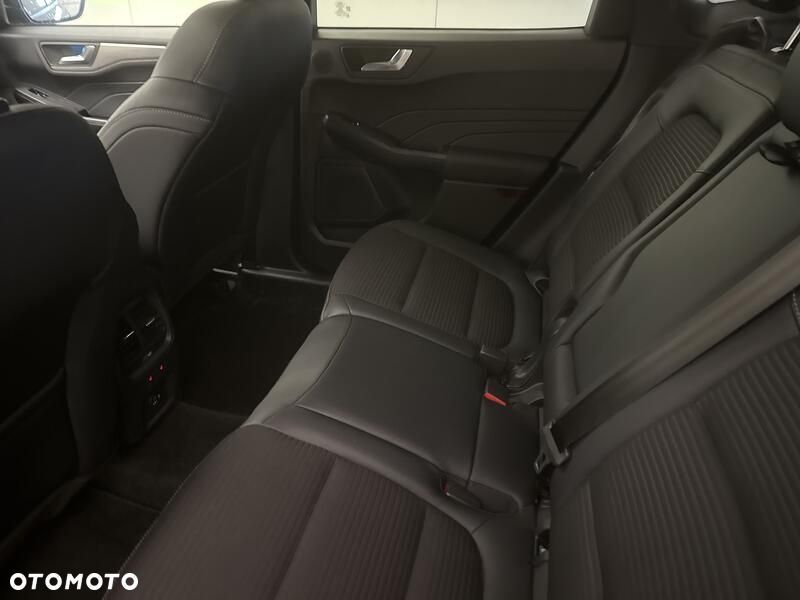 Ford Kuga - 21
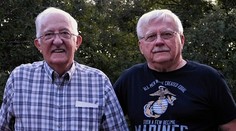 Dvaja muži tvrdia, že ich po narodení pred 80 rokmi zamenili. Podali žalobu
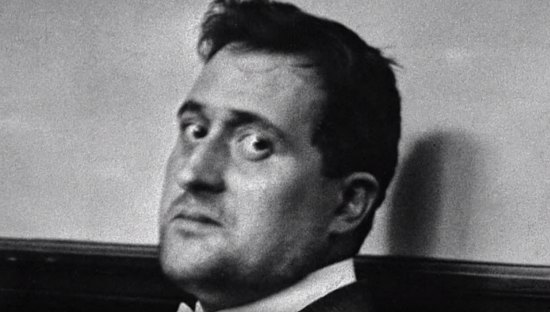 Guillaume Apollinaire en novembre 1913 à Paris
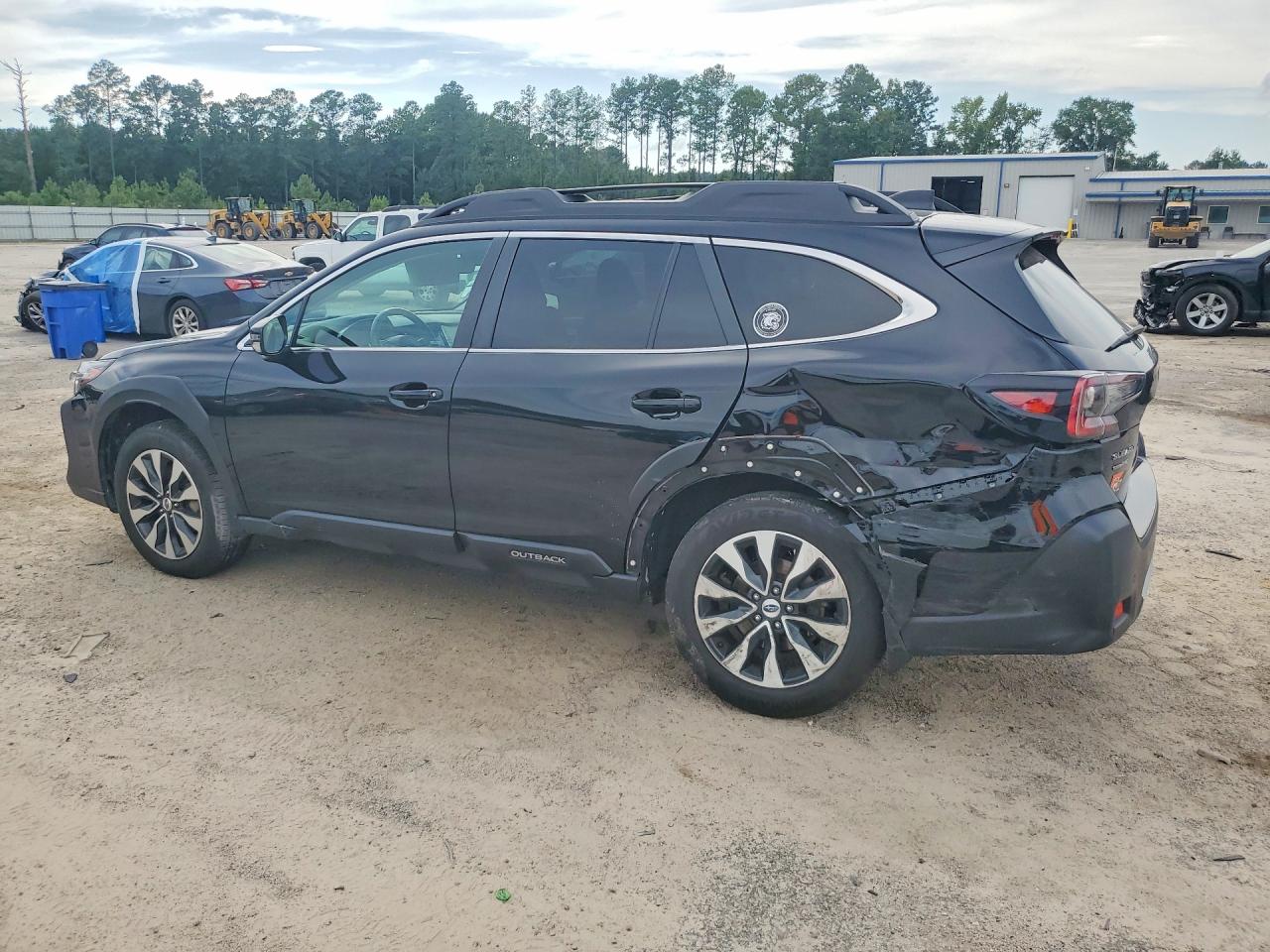 4S4BTAMC8P3209937 · 2023 SUBARU OUTBACK · 2/14
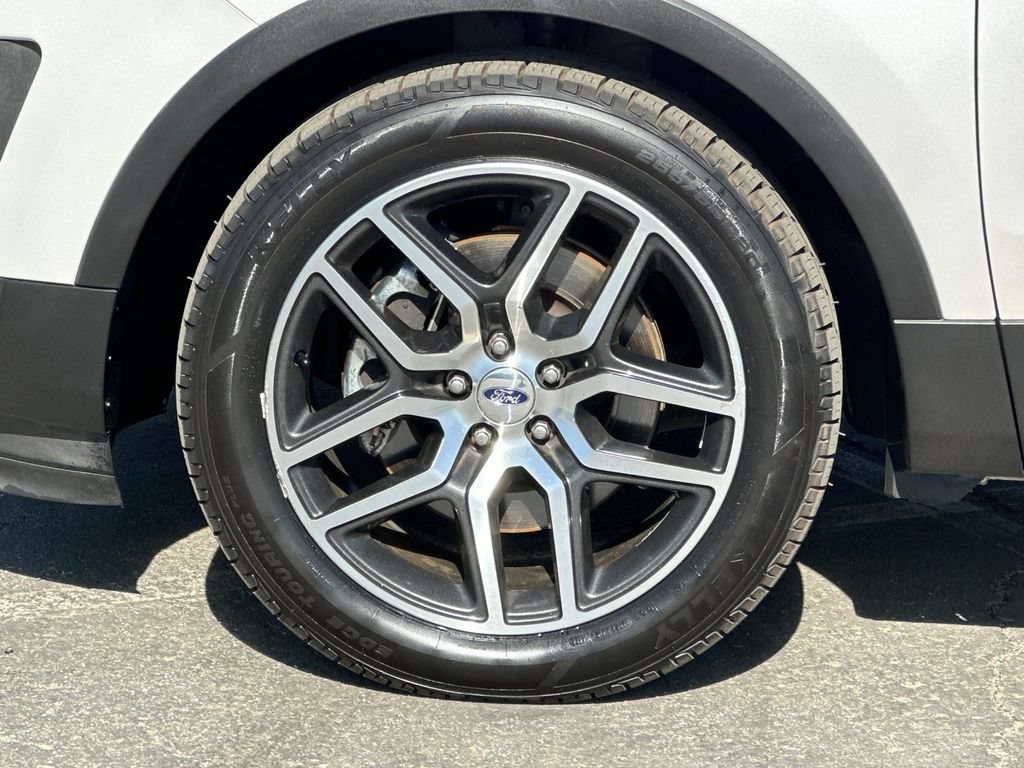 Certified 2017 Ford Explorer Sport w/ Equipment Group 401A AWD/4WD image 26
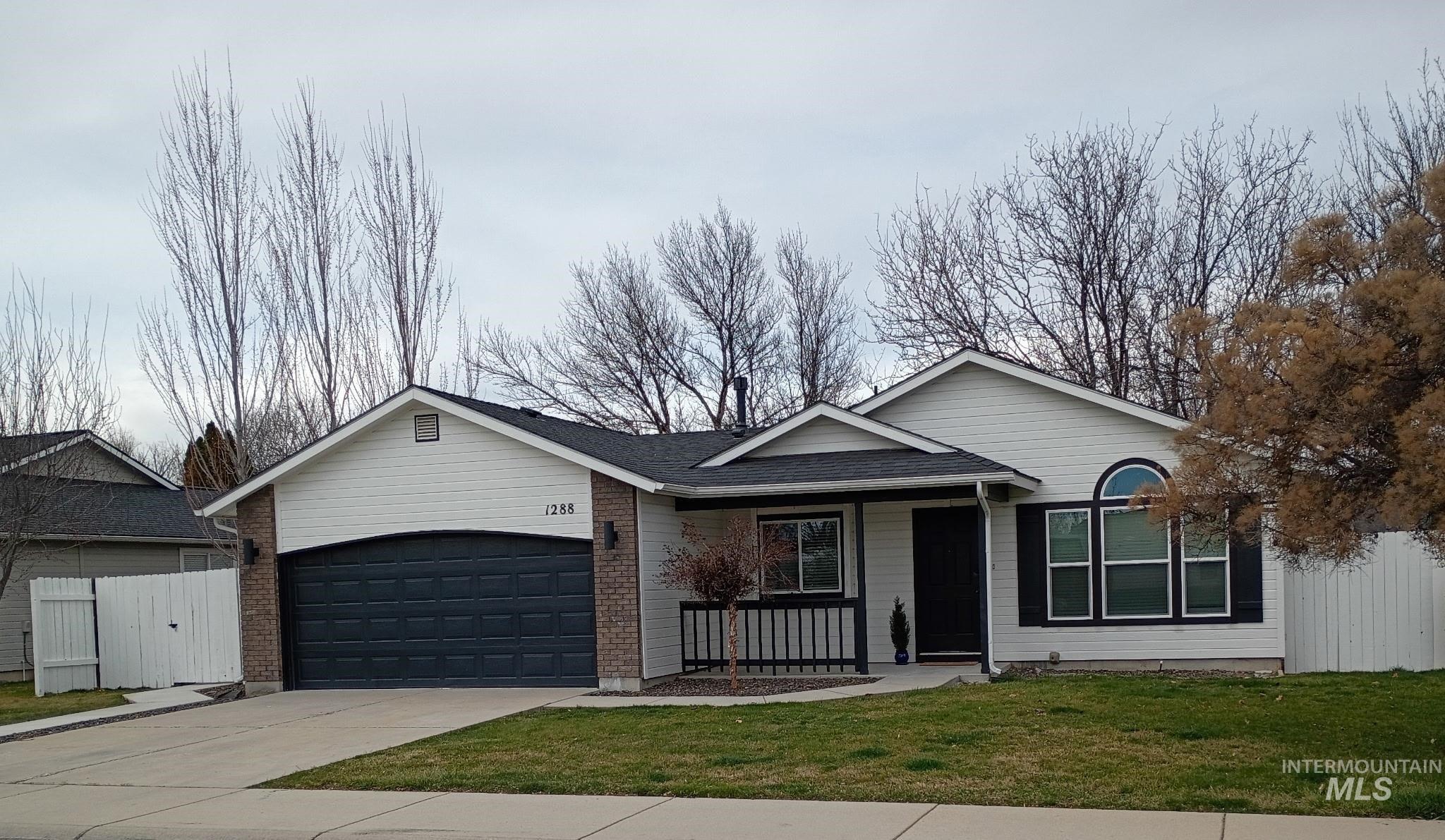 1288 E Sothesby St, Meridian, Idaho 83642, 3 Bedrooms, 2 Bathrooms, Residential For Sale, Price $429,900,MLS 98978018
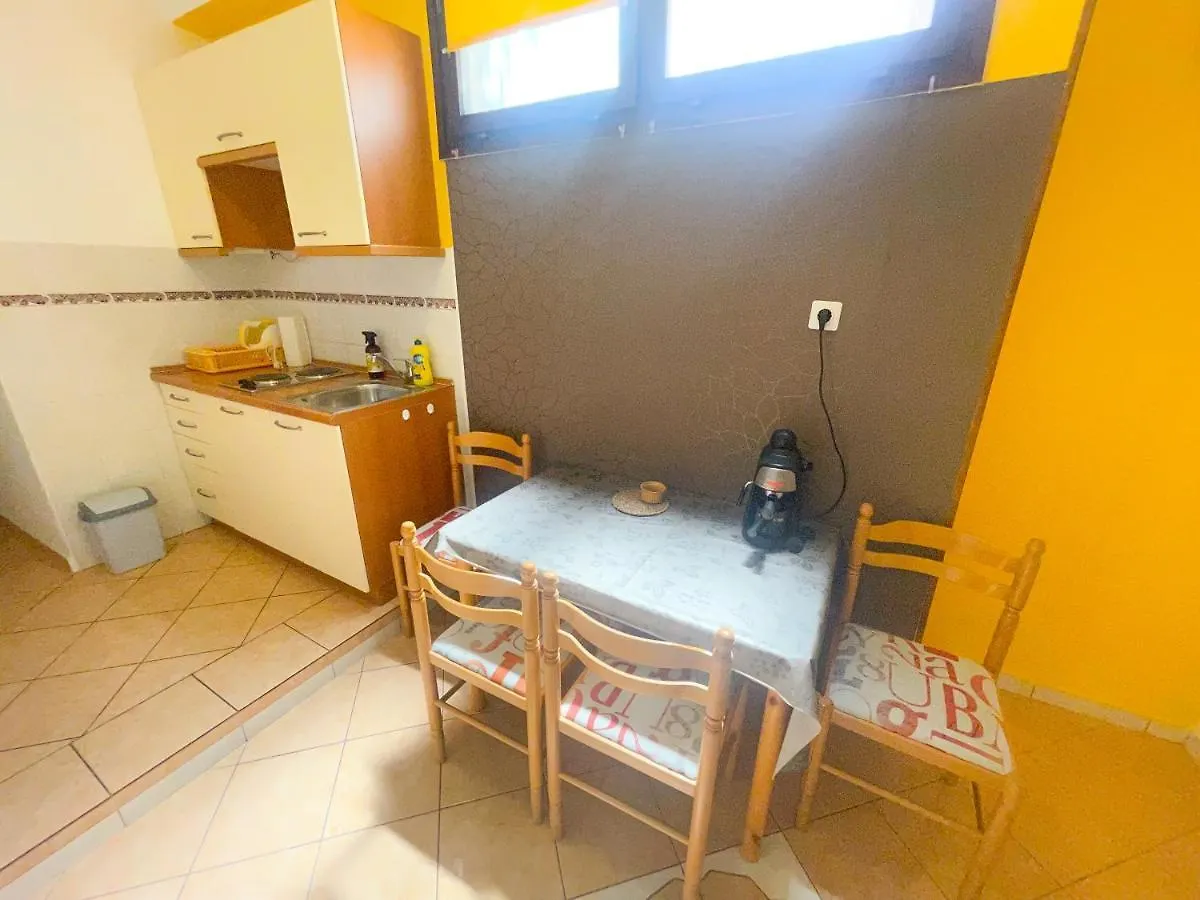Apartmani Dea Jadranovo 0*,  Croatia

::::::::

→ **Problem description**
Transcribe exactly the span of lines that opens with the line holding "4S4BTAMC8P3209937 · 2023" and closes with the last line of the entries above. Omit pictures.

→ **Response to this exercise**
 4S4BTAMC8P3209937 · 2023 SUBARU OUTBACK · 2/14
 Certified 2017 Ford Explorer Sport w/ Equipment Group 401A AWD/4WD image 26
 1288 E Sothesby St, Meridian, Idaho 83642, 3 Bedrooms, 2 Bathrooms, Residential For Sale, Price $429,900,MLS 98978018
Apartmani Dea Jadranovo 0*,  Croatia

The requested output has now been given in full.